Sure, if you’re flexible in your career choice you’re more likely to find a job. What Solis is ignoring, though, is the risk you take in changing careers. It’s a pre-investment of money and time into a new job you obviously cannot be sure to get. And one inconspicuous looking sentence in Solis’ piece deserves closer attention in this context:
We [in this administration] are ensuring industries that we know are growing have workers prepared through high-quality training programs that we know are working.
Really? If the Obama administration knows which industries are growing and will continue to grow so that people entering training programmes today will be able to join those industries after their training is over, then what do we need markets for anyway? All we need is the administration to determine the number of people to enter specific training programmes at a specific point in time and to start working a specific job in a specific industry for a specific period.
Of course, financing would be determined in a similar manner. No more investment risks, there’ll be fixed rates of return.
Solis’ claim that the administration knows which industries will provide which number of jobs and which won’t, is part of what Austrian economist Friedrich von Hayek has called the pretence of knowledge. (Ironically, Hayek also contended that numbers don’t necessarily tell the whole story.)
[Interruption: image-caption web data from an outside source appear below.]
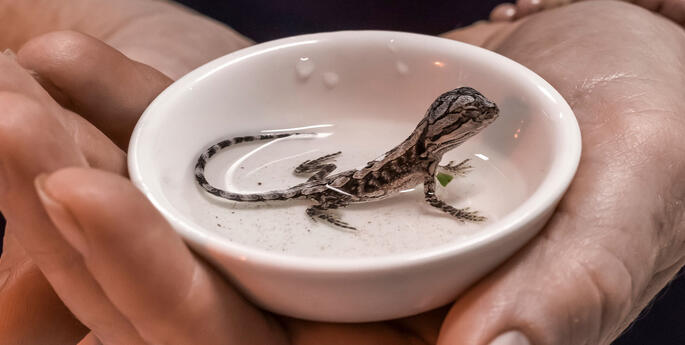 Bearded Dragons hatched and released
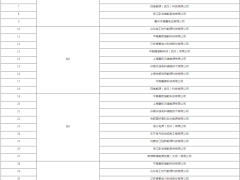 119家企业入围,中国电气装备2025年储能集采中标候选人公示!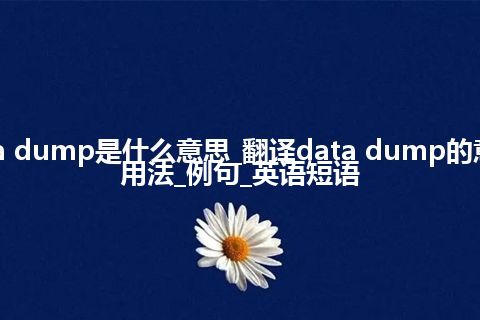 data dump是什么意思_翻译data dump的意思_用法_例句_英语短语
Solis — and all the rest of the Obama administration — could learn a (fundamental, transformative) thing or two from Monsieur Hayek. Maybe Obama can find room for this quote on his Oval Office carpet:
If man is not to do more harm than good in his efforts to improve the social order, he will have to learn that in this, as in all other fields where essential complexity of an organized kind prevails, he cannot acquire the full knowledge which would make mastery of the events possible. He will therefore have to use what knowledge he can achieve, not to shape the results as the craftsman shapes his handiwork, but rather to cultivate a growth by providing the appropriate environment, in the manner in which the gardener does this for his plants. There is danger in the exuberant feeling of ever growing power which the advance of the physical sciences has engendered and which tempts man to try, “dizzy with success”, to use a characteristic phrase of early communism, to subject not only our natural but also our human environment to the control of a human will. The recognition of the insuperable limits to his knowledge ought indeed to teach the student of society a lesson of humility which should guard him against becoming an accomplice in men’s fatal striving to control society – a striving which makes him not only a tyrant over his fellows, but which may well make him the destroyer of a civilization which no brain has designed but which has grown from the free efforts of millions of individuals.